The 2024 Women's Challenge Cup Final was the 12th final of the Rugby Football League's Women's Challenge Cup knock-out competition. The 2024 was the second final at Wembley Stadium, and held on 8 June 2024.

The final was contested by Leeds Rhinos and St Helens.

==Background==
The 2024 Women's Challenge Cup final was the third consecutive meeting between St Helens and Leeds Rhinos in the competition final.
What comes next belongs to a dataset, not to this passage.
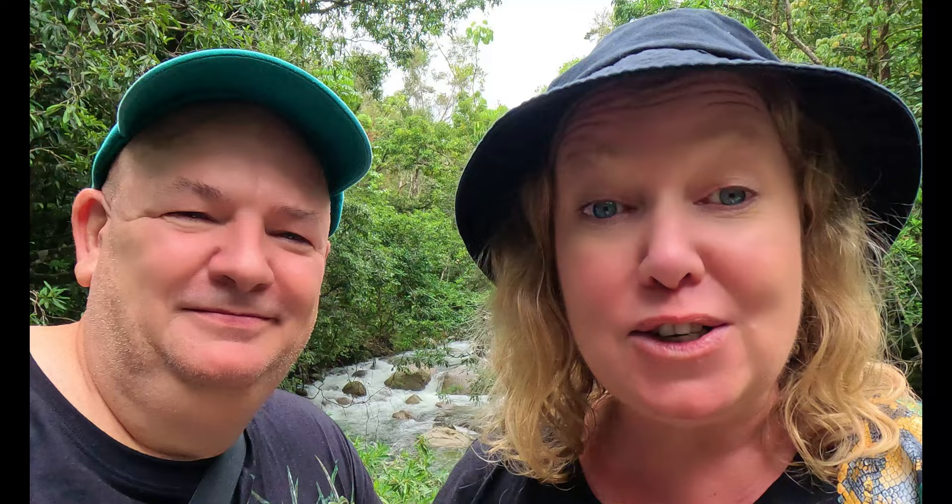That is the absolutely spectacular Mossman Gorge. If you live here or if you're coming up on a holiday, you must come and see this place — it is absolutely incredible. If you feel like it and only if you feel like it, like and subscribe. But most importantly, stay calm in the farm.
St Helens were three times defending champions of the Challenge Cup having won in 2021, 2022, and 2023. They also won the tournament four times in a row between 2013 and 2016. Upon gaining their place in the final St Helens were third in Super League.
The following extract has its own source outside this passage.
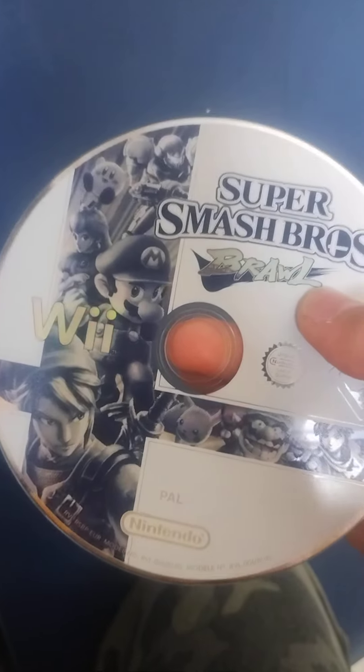Here is my Nintendo Wii and today I have Super Smash Bros. Brawl. This is the only disc I have that does this — it's just a little bit slower when it comes to reading a disc. I'm just wondering if this noise is normal. I'm going to put it in and I'll put it up close so you can hear the noise.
Leeds Rhinos entered the final aiming to avenge back to back defeats to St Helens in 2022 and 2023. They last won the competition in 2019 retaining it after their 2018 victory. Upon qualification Leeds were in second place in Super League, behind Wigan Warriors the team they eliminated in the semi-finals, but above St Helens.

==Route to the final==
===Leeds Rhinos===

| Round | Opposition | Venue | Score |
| Group Stage | Leigh Leopards | Twist Lane | 52–4 |
| Hull KR | Craven Park | 90–0 |
| Huddersfield Giants | West Park RUFC | 54–10 |
| Quarter-final | Warrington Wolves | Headingley | 70–10 |
| Semi-final | Wigan Warriors | Totally Wicked Stadium | 34–20 |

===St Helens===

| Round | Opposition | Venue | Score |
| Group Stage | London Broncos | Totally Wicked Stadium | 64–0 |
| Bradford Bulls | Odsal Stadium | F–W/O |
| Warrington Wolves | Dallam Playing Fields | 58–6 |
| Quarter-final | Huddersfield Giants | Crusaders Park | 74–0 |
| Semi-final | York Valkyrie | Eco-Power Stadium | 32–2 |

Source:

==Pre-match==
British singer Maxwell Thorpe sang the national anthem and Abide with Me ahead of the match. Thorpe was supported by British DJ Alex Simmons in providing the pre match entertainment.
Following the death of Rob Burrow on 2 June, the RFL announced that Rob's death be commemorated with a minute's silence before kick-off and with a minute's applause during the seventh minute of the game.

Before the game, the Year 7 School's Final was played. Wigan's St Peter's Catholic High School won against Cardiff's Ysgol Gyfun Gymraeg Glantaf.

==Match details==

The match officials were named on 4 June, with Aaron Moore as the referee, alongside Neil Horton, and Beth Neilson, the touch judges. Neilson became the first woman to be part of a senior final officiating team. (Note: Caitlin Beevers refereed the Year 7 Schools Final in 2018.)

==Post-match==
Following the game, the men's final was played along with the 2024 1895 Cup final. The men's game saw an 18–8 victory to Wigan Warriors against Warrington Wolves. The 1895 Cup final saw Wakefield Trinity beat Sheffield Eagles 50–6.